Now in her second semester of using Faceland, Willford says she saw progress with her students after about eight weeks. Their new ability to interpret body language shows in their bolder interactions with peers during art and music classes and recess. "We want them to learn to be as independent and productive as possible," Willford says. As an example, she tells the story of one autistic student who approached a classmate who was crying, hugged, and smiled back when the tearful student smiled at him. The reaction was a distinct step up from his usual flat affect.

Practical Strategies

While integrating autistic students into general education classrooms is a measure of success for Willford and other instructors, it's not necessarily an easy transition to manage.

Typically, the solution to providing extra support in the classroom has been to hire another body to work with an autistic child. But that practice becomes less feasible as the number of students with autism grows. That's why Virtual Expert Clinics developed AutismPro, a software program aimed at giving teachers the tools to meet autistic students' needs, including how to assess and respond to their complex behavior patterns.

The software offers two web-based programs. AutismPro Workshops features about 50 hours of online materials, including strategies for addressing specific issues and behaviors, and AutismPro Resources supplies lesson plans and includes a tracking and reporting element to allow for communication between teachers, parents, and special ed experts.

Eloise McGarry, director of support services for Vermont's Rutland City Public Schools, says her district decided to adopt the software this school year as it greets higher numbers of autistic students.
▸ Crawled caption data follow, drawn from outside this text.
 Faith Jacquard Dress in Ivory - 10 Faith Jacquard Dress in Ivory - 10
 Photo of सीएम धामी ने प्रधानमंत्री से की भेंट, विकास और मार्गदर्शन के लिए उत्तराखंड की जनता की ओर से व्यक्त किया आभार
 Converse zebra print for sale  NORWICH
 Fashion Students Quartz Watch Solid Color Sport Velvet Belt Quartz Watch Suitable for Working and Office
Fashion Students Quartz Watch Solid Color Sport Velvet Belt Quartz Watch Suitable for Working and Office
While all staff will have access to the online workshop training, the district is also supplying one teacher per school with additional training.
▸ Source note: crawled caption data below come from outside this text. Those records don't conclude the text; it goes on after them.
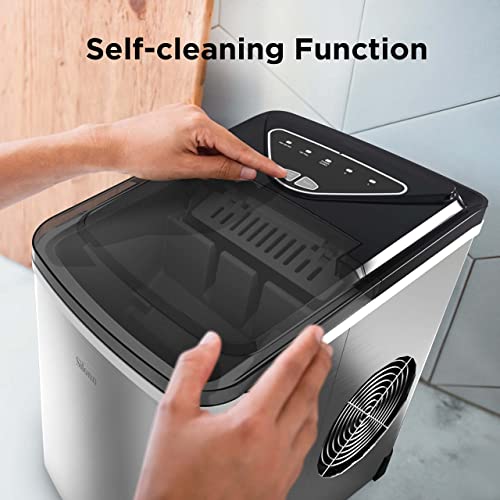 Countertop Ice Maker with Ice Scoop and Basket Z475337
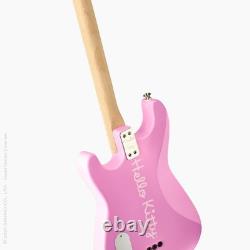 Fender x Loog Guitare Stratocaster Hello Kitty pour Enfants (Rose) - Sanrio 7456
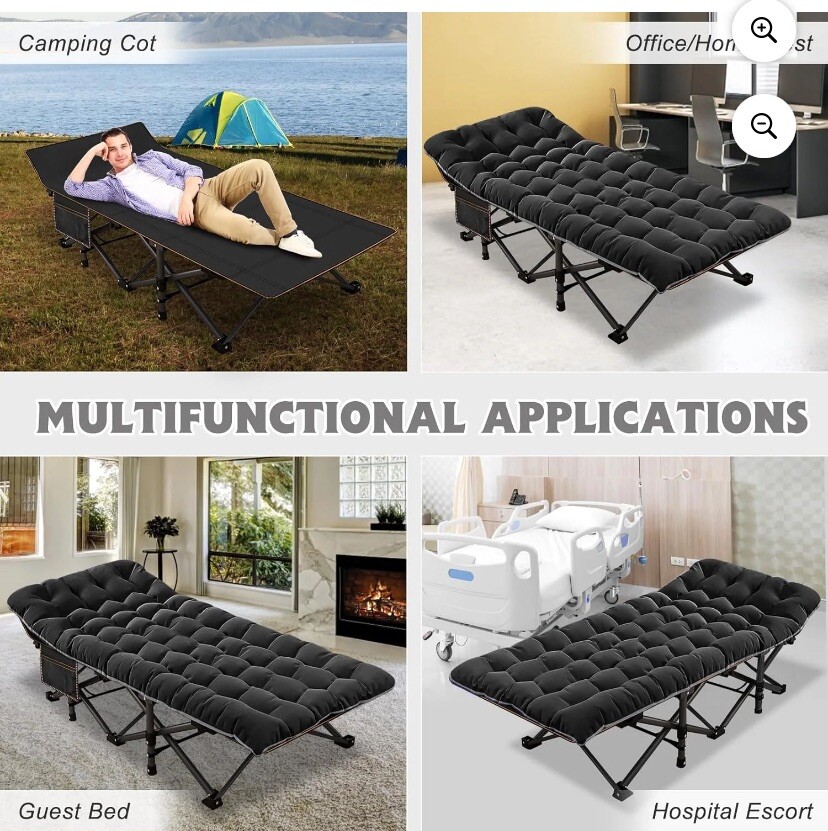 Portal Camping Bed Cot XXL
"In Vermont, we're struggling with how to get expertise," she says. "We can send teachers to one-day workshops here and there, but [AutismPro] gives teachers practical strategies they can use." For example, the workshops suggest creating activity organizers to help children work through problematic tasks. Teachers can then apply methods, whether a student's trouble lies in mastering a lesson or adjusting to a classroom schedule.

Despite the challenges of helping autistic children thrive in the classroom, McGarry says the teachers in her district who have completed the training are excited about the new resources.

"Kids with autism haven't learned the social side, and teachers are not well equipped to teach kids how to behave," says Custer, Virtual Expert Clinics' CEO. "Enabling teachers to have basic information is a giant leap forward."